Consider the following example from the Hacker's Dictionary, proposing a sorting algorithm relying on the Multiple Worlds Interpretation of Quantum Mechanics:
Permute the array randomly using a quantum process,
If the array is not sorted, destroy the universe.
All remaining universes are now sorted [including the one you are in].
(Source: http://catb.org/~esr/jargon/html/B/bogo-sort.html)
Notice that the big-O of this algorithm is O(n), which beats any known sorting algorithm to date on generic items. The coefficient of the linear step is also very low (since it's only a comparison, not a swap, that is done linearly). A similar algorithm could, in fact, be used to solve any problem in both NP and co-NP in polynomial time, since each possible solution (or possible proof that there is no solution) can be generated using the quantum process, then verified in polynomial time.
However, in most cases, we probably don't want to take the risk that Multiple Worlds might not be correct, not to mention that the act of implementing step 2 is still "left as an exercise for the reader".

At any point when n is bounded and the constant multiplier of O(1) algorithm is higher than the bound on log(n). For example, storing values in a hashset is O(1), but may require an expensive computation of a hash function.
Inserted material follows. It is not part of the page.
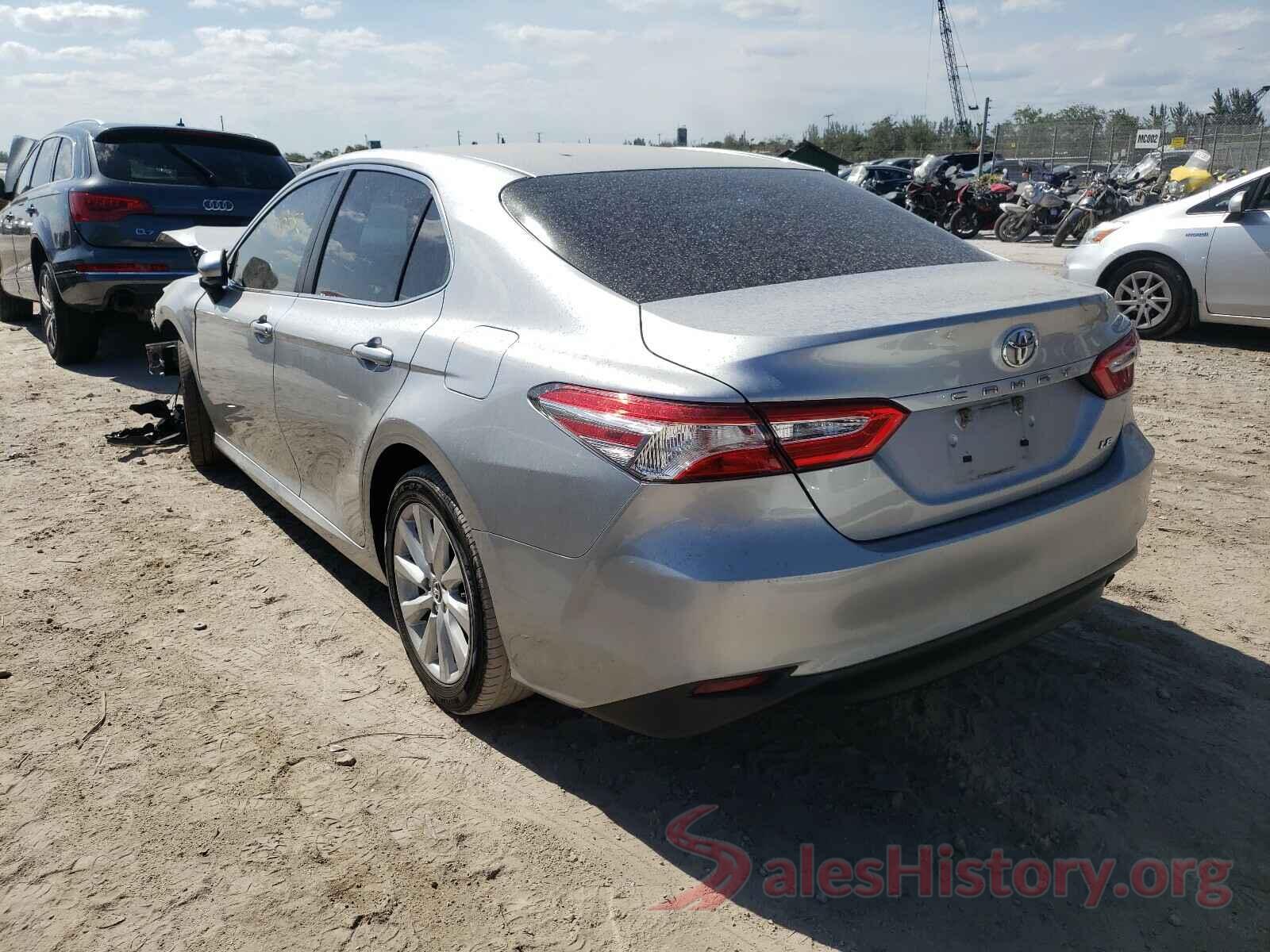 4T1B11HK3JU119779 2018 TOYOTA CAMRY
If the data items can be trivially compared (with respect to some order) and the bound on n is such that log n is significantly less than the hash computation on any one item, then storing in a balanced binary tree may be faster than storing in a hashset.
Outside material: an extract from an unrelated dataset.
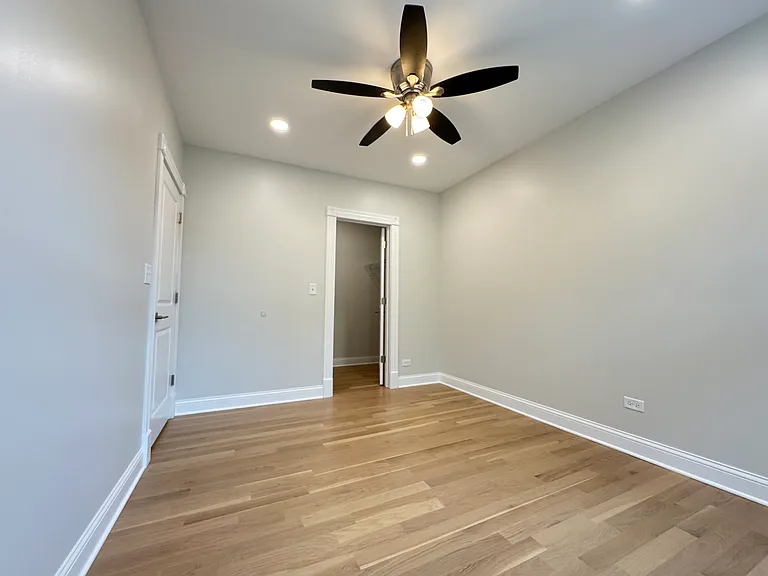 4552 N Clark Street — Photo 15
In a realtime situation where you need a firm upper bound you would select e.g. a heapsort as opposed to a Quicksort, because heapsort's average behaviour is also its worst-case behaviour.
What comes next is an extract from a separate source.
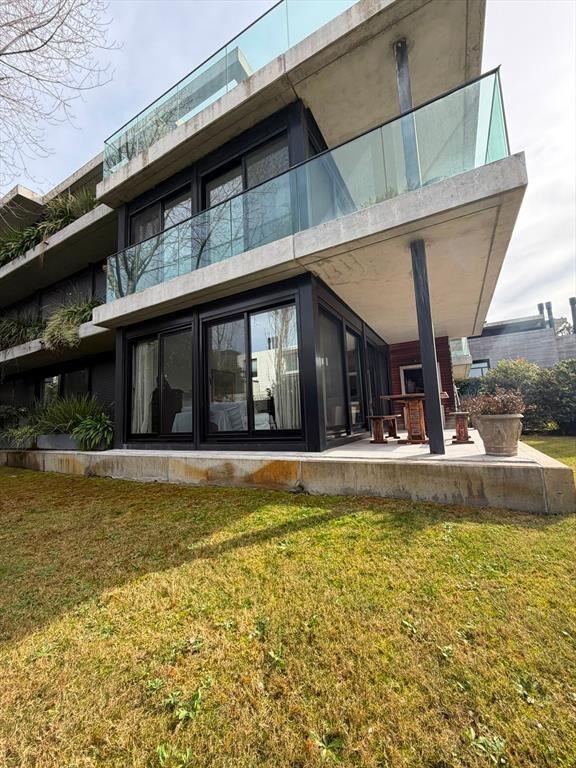 Venta apto 2 dorm. con garage Jardines de Carrasco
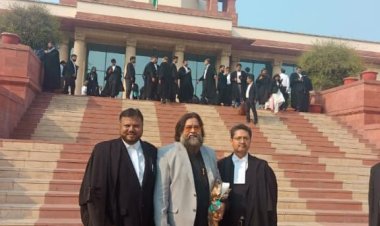 नए वक्फ (संशोधित) अधिनियम 2025 के खिलाफ सुप्रीम कोर्ट में दायर 70 याचिकाओं, इनमें एक याचिका सैय्यद शाह सिब्तेन हैदर मियां ज़ैदी बरकाती ने भी लगाई, कहा हमे संविधान पर पूरा यकीन है, इंशाल्लाह वक्फ अमानत महफूज रहेगी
Adding to the already good answers.A practical example would be Hash indexes vs B-tree indexes in postgres database.
Hash indexes form a hash table index to access the data on the disk while btree as the name suggests uses a Btree data structure.
In Big-O time these are O(1) vs O(logN).
Hash indexes are presently discouraged in postgres since in a real life situation particularly in database systems, achieving hashing without collision is very hard(can lead to a O(N) worst case complexity) and because of this, it is even more harder to make them crash safe (called write ahead logging - WAL in postgres).
This tradeoff is made in this situation since O(logN) is good enough for indexes and implementing O(1) is pretty hard and the time difference would not really matter.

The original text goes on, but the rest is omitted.